STF: (laughing) No, but nobody wants to go to the NIT and lose a game in Moon Township. But, yeah, if they can get more titles, I guess they’ll take it.
CK: They’re pretty crazy anyway, as a group. I mean, I love ‘em, but they are not always rational or objective. You can give them any number of places on that continuum. But I think the vast majority of them would say ‘hey, if we have a chance to get the whole enchilada…’ even if there’s the occasional NIT, most would probably be OK with that.
STF: Kevin Ollie is a bit of a mystery. He came in without coaching experience and yet here he is in the Final Four. Has he learned that much in a short amount of time, or is he lucky that he got to hold onto some of the experienced players from the Calhoun era?
CK: It’s a mixture, but if you know Kevin Ollie or been around him like I have - he played for the Pacers for a while and I worked for the Pacers after being a player there in the early 80s - you know his resume as a player. Never really a star, but always a valuable component on every team he played with because of his character, his work ethic and his IQ. That’s what makes him successful as a coach. He’s at his alma mater with the support and encouragement of Jim Calhoun.
Still, it’s surprising that he’s in a Final Four in just his second season, but for any of us who have been around him, I don’t think there was any doubt that he’d be successful. I’m not surprised. It might be a little premature in terms of the timeline, but the ingredients for his success were never in question in my mind.
STF: If Billy Donovan wins a third title, is he in line to be the Coach K of Gainesville?
CK: Oh yeah, even if he doesn’t win it. He’s already proven it over time. He’s the next face of college basketball. You have Roy Williams, Coach K, Jim Boeheim and Tom Izzo in that top group right now, and in that next group there’s Billy Donovan, Bill Self, Thad Matta and guys of that caliber. That’s the next group. In fact, Billy’s Hall of Fame worthy right now. He’ll be one of the guys on Mt. Rushmore, if you will, for the next period of time. Whether he wins it or not.
STF: Do you think Bo Ryan has been underrated as a coach?
CK: It’s hard to give everybody the billing and the attention they deserve. Sometimes people get overlooked for whatever reason. But we all know Bo has been terrific. He’s hard to play for, apparently, but he develops guys and helps them get better, and his teams do things the right way. I have the utmost respect and admiration for him. I don’t know if there’s a coach in the Final Four that the basketball community is more happy for than Bo Ryan.
STF: What are the ramifications for the Capital One Cup standings after this weekend?
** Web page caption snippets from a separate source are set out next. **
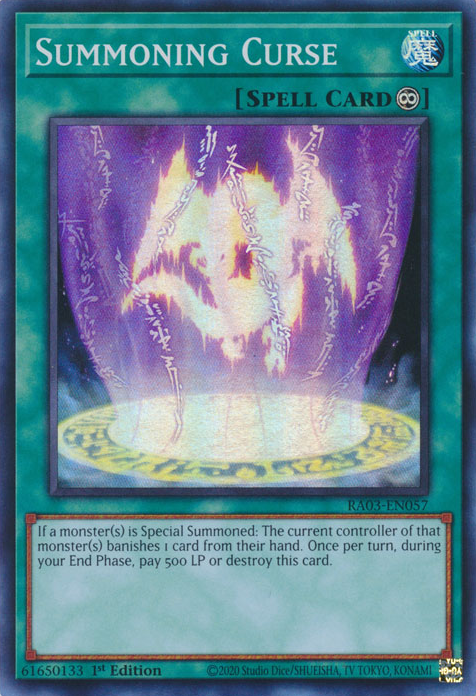 Summoning Curse RA03-EN057 QCR Quarter Century Secret Rare Yu-Gi-Oh Quarter Century Bonanza in Art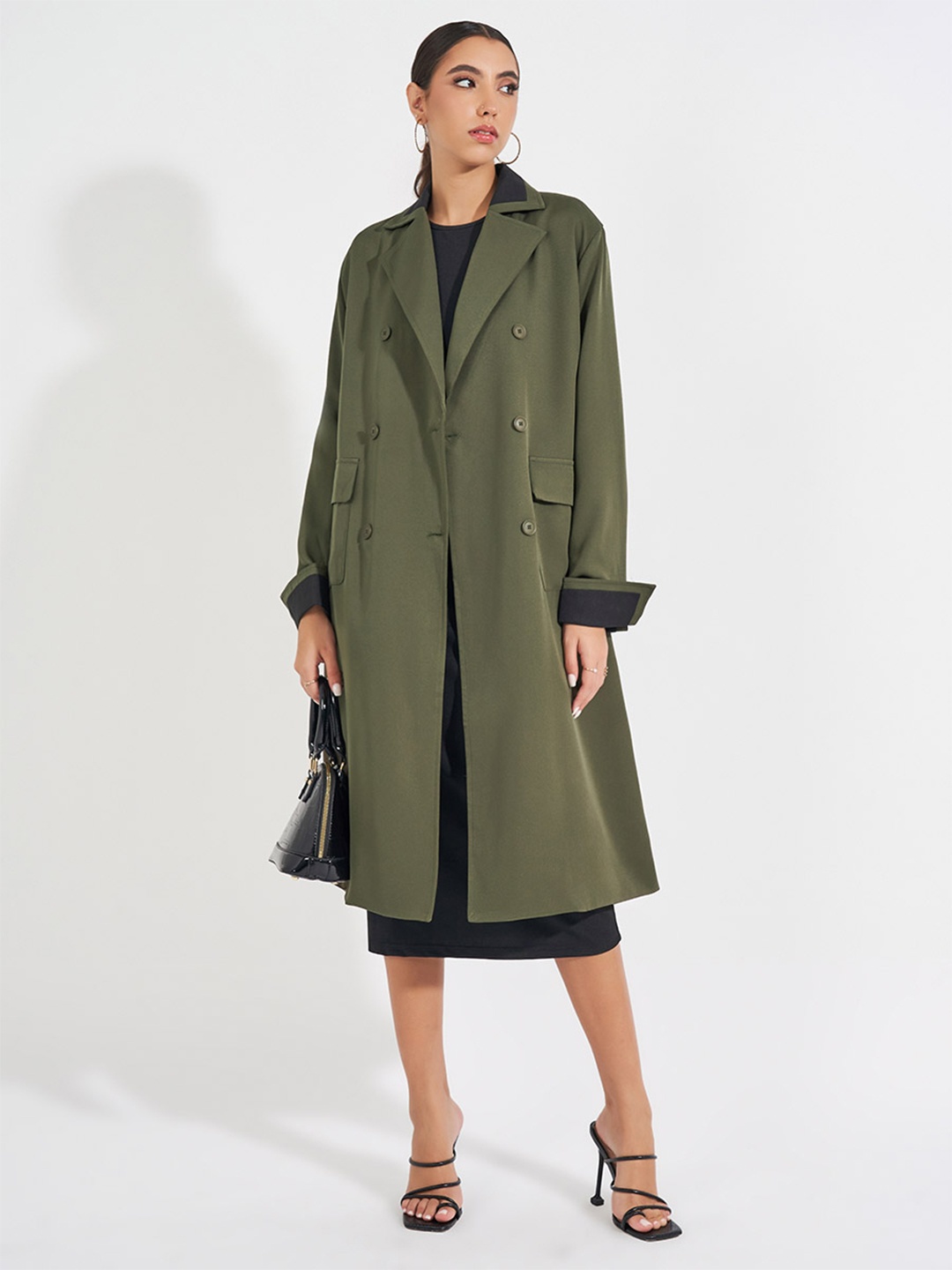 

Styli Women Oversized Fit Midi Length Double Breasted Trench Coat With Contrast Detail, Olive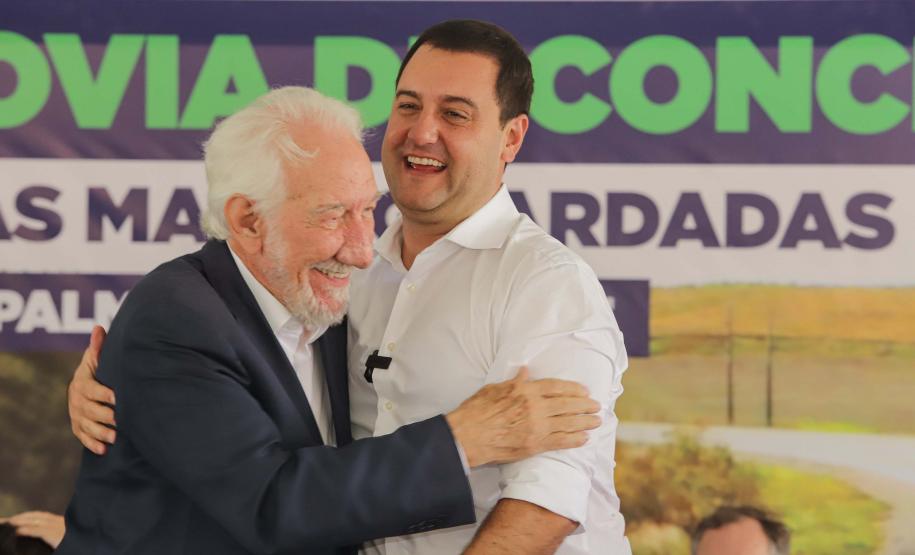 Palmas, 29 de março de 2023 - O governador Carlos Massa Ratinho Junior entrega a obra de revitalização da PRC-280, região Sudoeste. Foram restaurados 59,55 quilômetros (entre Palmas e a BR-153) com pavimento rígido de concreto. Foto: Roberto Dziura Jr/AEN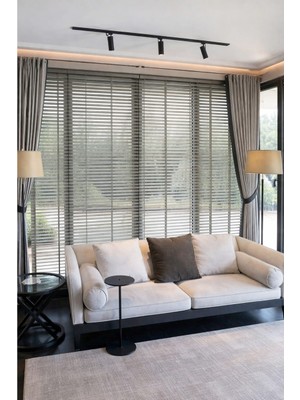 Açık Gri 50MM %100 Gerçek Ahşap Jaluzi Perde Redüktörlü Zincir Mekanizmalı Ofis/ev Tüm Mekanlar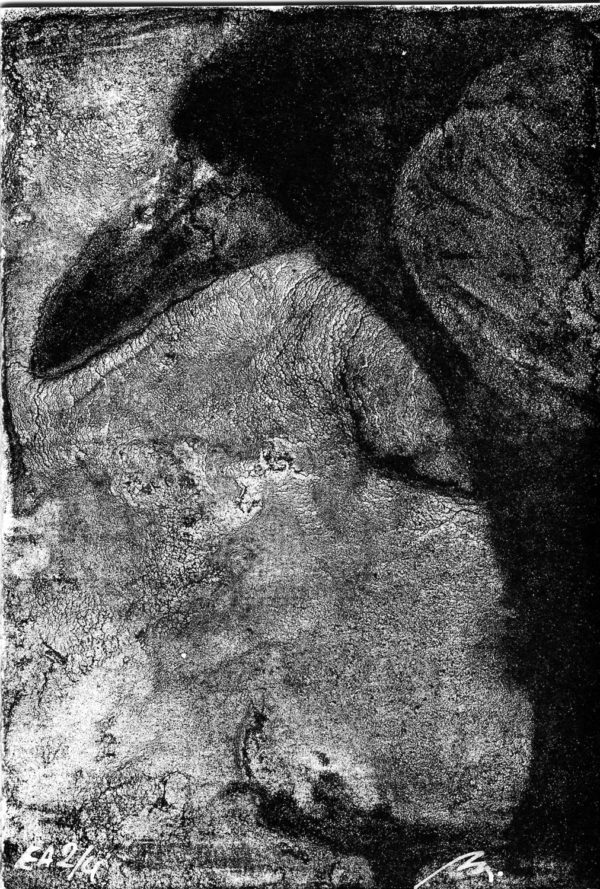 Lithographie Alain Ménégon Corbeau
CK: There’s 60 points at stake for the national champion that emerges on Monday. The Capital One Cup rewards the top Division I men’s and women’s athletic programs based on points accumulated through the fall, winter and spring seasons. It rewards top ten finishes in 19 men’s sports and 20 women’s sports.
Florida is in the best position on the men’s side with the national championship in a couple of days to catapult to the top of the Capital One Cup standings. They’d be primed to win their third cup in four years. They’d have the Capital One Cup trophy, the national championship and a combined $400,000 in student scholarship money. The women’s winning athletic program gets that as well.
STF: I appreciate your time as always, and hope you enjoy the weekend!
CK: Yep, looking forward to it. Thanks a lot, Eric.